The argument was rejected.
The information commissioner ordered the corporation to disclose the cost after an eight-month freedom of information battle with the Daily Express. According to the newspaper, the cost of the revamp was £7.26 million.
The BBC said yesterday that the rebrand was a “modernisation of all our services, platforms and channels, over a number of years to ensure what we provide meets audience expectation”.
There would be “plenty of little changes, designed to make a big difference,” its chief customer officer, Kerris Bright, said last year.
The BBC said that it published more data and information about itself than any other broadcaster, adding that it responded to more than 93 per cent of its 2,000 freedom of information requests each year within the legal time frame.
It has justified the rebrand as important to its overall updating of digital services. It said that “updated, recognisable colours, logos and graphics will identify each service and help improve navigation between them”.
A recent National Audit Office report into the BBC’s digital offerings found that its iPlayer was lagging behind Netflix and Disney+ on user experience such as picture and sound quality, as well as the methods of recommending content to its users and its subtitling.
The BBC has made clear that its focus is on digital, with Tim Davie, its director-general, saying earlier this month that it was preparing for many of its linear TV and radio channels, such as BBC One and Radio 3, to be online only within the next decade. He said that it would “consolidate more activity behind a simple, single brand”, which would make it easier for audiences to find its content online.
Last year when announcing the rebranding, Bright said that the BBC’s own research showed that “audiences think some of our services look old-fashioned and out of date . . . They want a modern BBC that is easier to use and navigate to find the content they love and enjoy”.
The rebrand comes as the corporation faces acute spending pressures.
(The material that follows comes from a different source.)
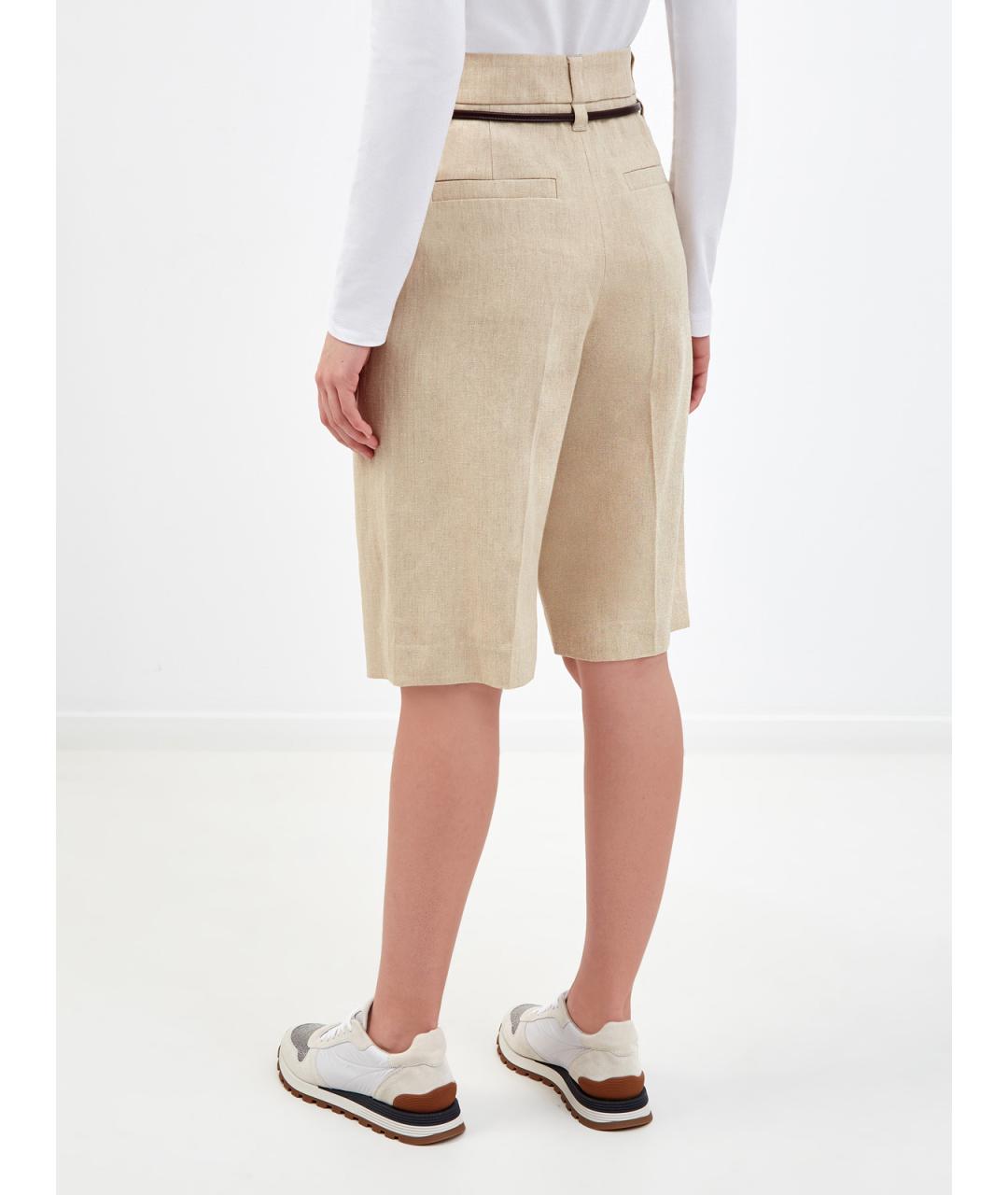 BRUNELLO CUCINELLI Бежевые льняные шорты, фото 4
The £159 licence fee has been frozen until 2024 and is then due to increase in line with inflation until 2027 when the existing Royal Charter ends. It has previously said that the freezing of the fee would lead to a £285 million funding gap by 2027, a figure that due to inflation it now believes will be closer to £400 million.
As part of cost-cutting plans, it has ended regional TV news bulletins for Oxford and Cambridge, made cuts to its World Service output and announced sweeping changes to its local radio output, which will mean the 39 stations in the BBC England network will share “regional” and “national” content from 2pm on weekdays and most of the weekend.